Die anderthalbstunden Flug mit EasyJet von Hamburg nach Edinburgh sind Zeit genug für einen Gin Tonic und eine Bloody Mary, für jeweils schlappe 15€, um sich auf das raue Wetter optimal vorzubereiten. Mit dem Bus geht es vom Flughafen aus weiter ins City Centre der Hauptstadt. Wir kommen vor dem Edinburgh Waverley, dem Hauptbahnhof, an und sind direkt begeistert von der Stadt und dem Blick auf den Castle Rock. Wir müssen allerdings erst noch einmal weiter Richtung Glasgow, was uns zwar vorher als weniger schön beschrieben wurde, allerdings einen Abstecher wert sein soll. Das Ticket von Edinburgh kostet 15 Pfund und die Fahrt dauert nur etwas mehr als eine Stunde. Die 30 Minuten zwischen Kauf des Tickets und Abfahrt des Zuges reichen leider nicht für eine Bestellung bei Burger King. Die gute Nachricht: Das Warten auf den nächsten Zug reicht auf die Minute genau, um die Bestellung am Bahnsteig zu verzehren.

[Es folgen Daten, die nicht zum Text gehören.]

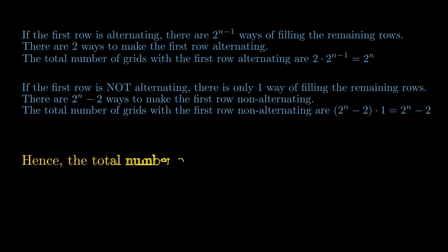Hence, the total number of grids is 2 raised to the power n plus 2 raised to the power n minus 2, which is equal to 2 raised to the power n plus 1 minus 2.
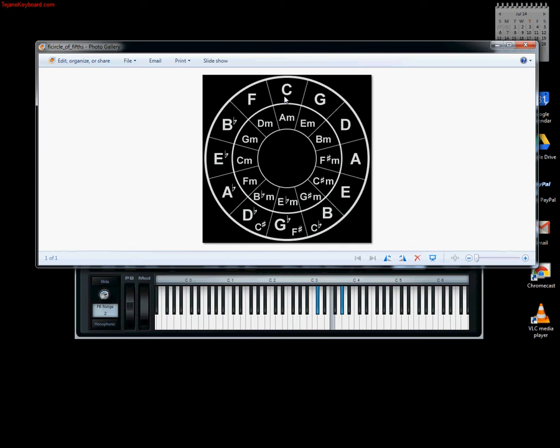Lastly, the fourth up from that is G flat, or F sharp depending on whether you're on the sharp side or flat side. We'll continue with flats because we're doing the circle of fourths. So we have 1, 2, 3, and then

Dort angekommen sind wir überzeugt, dass die Stadt tatsächlich nicht so schön wie Edinburgh ist. Die steilen Straßen rund um die Central Station kommen uns mehr vor, als wären wir in San Francisco gelandet. Das Youth Hostel, in dem wir zwei Betten reserviert haben, liegt nicht gerade zentral und unserem Koffer macht die Straßenlage auch etwas zu schaffen. Wir überschätzen leicht die Länge der Strecke und nehmen nicht die Subway. Im Hostel läuft alles ziemlich unkompliziert. Betten A und B in Zimmer 13, 1. Stock. Wir machen uns gegen 21 Uhr auf in die Stadt, um noch ein, zwei Pint zu trinken und landen in einer Sportsbar mit Livemusik. Die Schlange vor dem Club nebenan ist uns zu lang. Wir bleiben in der Bar. Am nächsten Morgen machen wir uns wenig begeistert von der Stadt schon wieder auf nach Edinburgh. Dieses Mal allerdings nehmen wir die U-Bahn zur Central Station.
In Edinburgh führt unser Weg zum Hostel über die Royal Mile, was uns unser Koffer wieder nicht dankt, aber jeden Meter wert ist. Die Royal Mile ist die lange Straße hinauf zum Edinburgh Castle, in der Old Town, dem historischen Teil der Stadt auf dem Castle Rock. Zur anderen Seite führt sie herunter zum schottischen Parlamentsgebäude. Links und rechts gehen kleine, steile Gassen von ihr ab, die sogenannten Closes. Es ist viel los an diesem Montagmittag. Wir können es kaum erwarten in jedes der unzähligen Geschäfte einen Blick zu werfen, einen Happen zu essen und vor allem die Pubs aufzusuchen.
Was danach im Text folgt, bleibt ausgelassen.